MethylMix, an algorithm implemented in the R programming environment, identifies disease-specific hyper- and hypomethylated genes [17]. Currently, few studies on methylation-driven genes have been reported [18]. Recently, a study based on using MethylMix to explore methylation-driven genes for predicting the prognosis of LUAD was reported; however, they only obtained information about methylation-driven mRNA [19]. In this study, DNA methylation and RNA-Seq data were extracted from The Cancer Genome Atlas (TCGA) database, and we used the MethylMix R package to obtain LUAD-specific methylation-driven lncRNA sequences. Furthermore, a Cox survival predictive model with 6 lncRNAs was constructed to predict the diagnosis and prognosis of LUAD. Finally, the combined effect of DNA methylation and gene expression survival analysis was examined, which might provide a novel insight to explore methylation-driven lncRNA and mRNA for predicting the prognosis of LUAD.

Methods

Data retrieving and analyzing

Methylation and RNA-Seq expression data were retrieved from LUADs from the TCGA database. The methylation data were downloaded from 475 cancer tissues and 32 noncancer tissues from the Illumina Human methylation 450k platform. The RNA-Seq data (level 3), including mRNA and lncRNA expression, were retrieved from 535 cancer tissues and 59 noncancer tissues from the IlluminaHiSeq_RNASeq platform. First, on the basis of “limma R” packages in R with absolute fold change (log 2) > 0 and adjusting the false discovery rate (FDR) to a P value < 0.05, we obtained aberrant methylated genes. The methylation difference of the mean of the 3000 bp (base pair) sites upstream of the gene was analyzed to identify the differential level of methylation in the gene promoter [19,20,21,22]. We analyzed the differential level of methylation in the promoter of genes by using the limma R package [23]. Then, based on the “edge R” packages in R with absolute fold change (log 2) > 3 and adjusting the false discovery rate (FDR) to a P value < 0.01 to correct the statistical significance of multiple experiments, we retrieved differentially expressed mRNA and lncRNA. MethylMix is a kind of R statistical package for integrating DNA methylation data and RNA expression data to identify methylation-driven genes in kinds of cancers [17, 24,25,26]. Filtering or eliminating missing value genes is the preprocessing common step when running MethylMix R software [17]. In this present manuscript, we filtered or eliminated missing value genes and intersected DNA methylation data with RNA expression data for matching. Finally, there were a total of 465 LUAD samples with matched DNA methylation and RNA expression and 32 non-LUAD samples with DNA methylation data for entering the MethylMix R package. Then, calculated the correlation between DNA methylation level and RNA expression to find significantly negatively related genes, a beta mixture model was constructed for the degree of methylation of samples, Wilcoxon rank test was used to calculate differential methylation in LUAD and adjacent non-LUAD samples. Finally, the methylation-driven mRNA and lncRNA was obtained. Since the data were directly obtained from the TCGA database, no approval was required from the local ethics committee.

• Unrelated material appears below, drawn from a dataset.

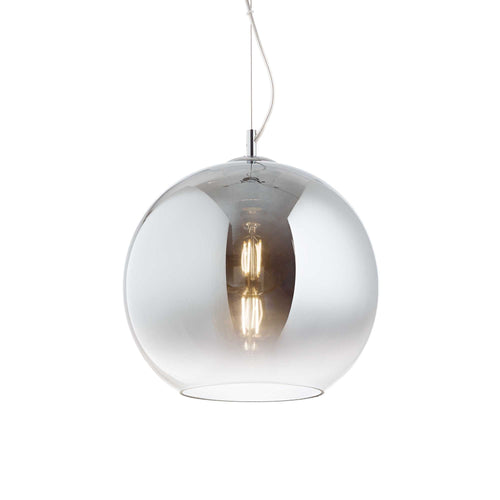 Lampada A Sospensione NEMO SP1 D40 FADE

Functional enrichment analysis of methylation-driven mRNA in LUAD

To determine the function represented in the methylation-driven mRNA, we used the Database for Annotation, Visualization and Integrated Discovery (DAVID) (http://david.abcc.ncifcrf.gov/) to perform a functional and enrichment analysis on the methylation-driven mRNA by using GO and ConsensusPathDB analysis. In the GO analysis, a P value of less than 0.05 was considered statistically significant. Furthermore, the GOCircle and GOChord plotting functions of the GOplot R package were used to allow data from expression analysis and data from functional annotation enrichment analysis. ConsensusPathDB (http://cpdb.molgen.mpg.de/) is an online software program that includes binary and complex signaling, gene regulatory and drug-target interactions, and biochemical pathways. P < 0.05 was considered statistically significant.

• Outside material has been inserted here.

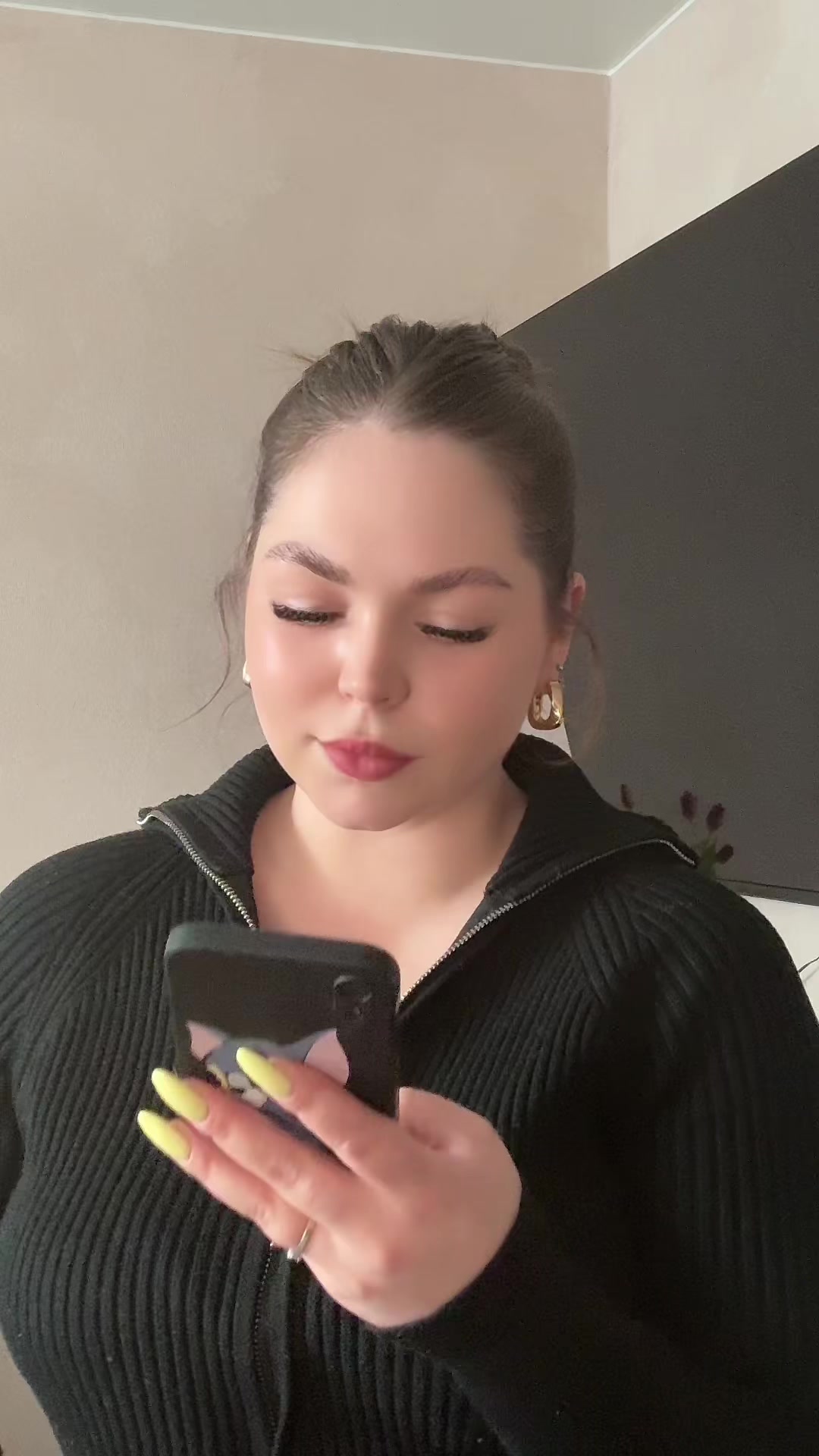 @Анна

Construction of a differentially methylated, lncRNA-related predictive model in LUAD

We identified the differentially methylated lncRNA associated with overall survival with P < 0.05 to act as prognostic methylation lncRNA candidates for multivariate Cox regression analysis. On the basis of the median risk score, LUAD patients were divided into two cohorts, high-risk cohorts and low-risk cohorts. Receiver operating curves were used to test the effect of the lncRNA signature (high risk vs low risk) on overall survival. We analyzed the receiver operating curve by calculating the area under the curve (AUC) under the binomial exact confidence interval to reveal prognostic biomarkers for predicting survival in LUAD.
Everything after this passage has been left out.